Samachar
- Industry: News media
- Founded: February 1976
- Headquarters: India

= Samachar =

Indian news agency

Samachar (Hindi for "information") was founded in February 1976, after the merger of United News of India, Press Trust of India, Samachar Bharati and Hindusthan Samachar. The news agency was directly under the control of the government of India.

==Background==
During the period of emergency, on 26 July 1975, the government of India took the decision to merge the four teleprinter news agencies of India and form a single nationalised news agency. The employees' unions of the four agencies supported the idea. Hence in February 1976, United News of India, PTI, Hindustan Samachar and Samachar Bharati were merged to form a single news agency, Samachar.

After the defeat of Indira Gandhi's government in 1977 election, the Kuldip Nayar Committee was formed to examine the structure of Samachar as a news agency.

On 14 November 1977, the committee recommended the independence of the four news agencies as they were before the emergency period.

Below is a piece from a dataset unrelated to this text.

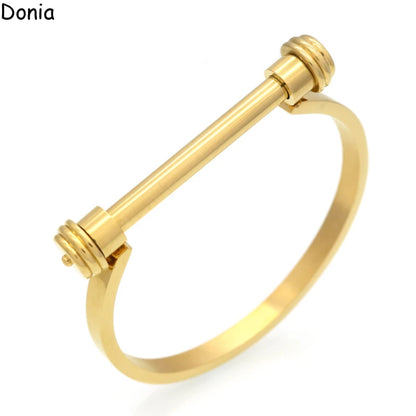 Donia jewelry European and American fashion stainless steel dumbbell titanium steel C-shaped screw bracelet punk bracelet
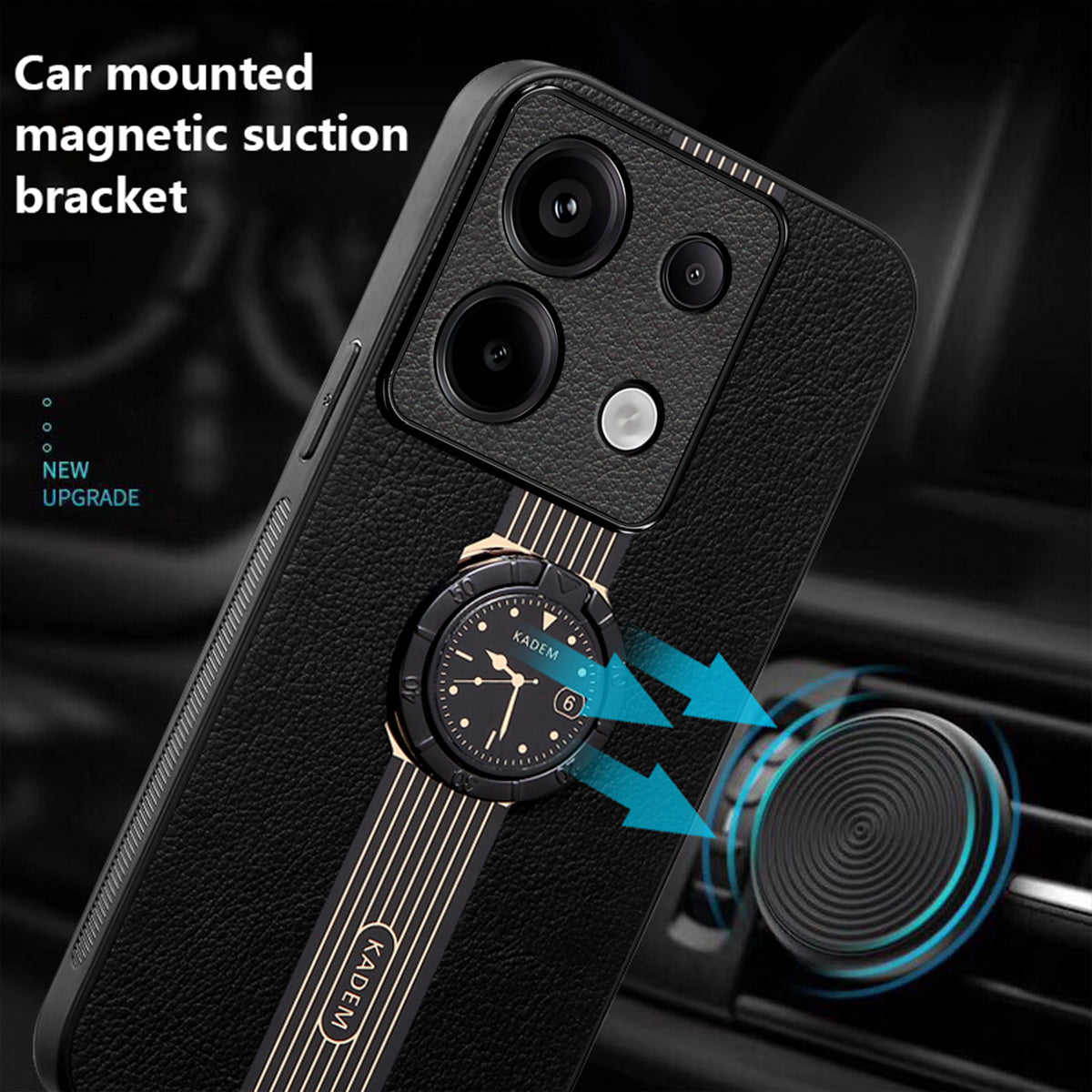 KADEM For Xiaomi Redmi Note 13 5G Case Rotation Kickstand Protective Phone Cover - Black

Thus, on 14 April 1978, all four news agencies split from Samachar, and Samachar became the news portal of Government of India.

==Bibliography==
- Aggarwal, S. K. (1989). "Media Credibility"
- Jones, Derek (2015). "Censorship: A World Encyclopedia"
- Kanung, Chitra (2001). "Freedom Under Assault"
- Kumar, Keval J. (2000). "Mass Communication in India"
- Mehta, D. S. (1979). "Mass Communication and Journalism in India"
- Sharma, Diwakar (2004). "Mass Communication: Theory and Practice in the 21st Century"
- Shrivastava, K. M. (2007). "News Agencies from Pigeon to Internet"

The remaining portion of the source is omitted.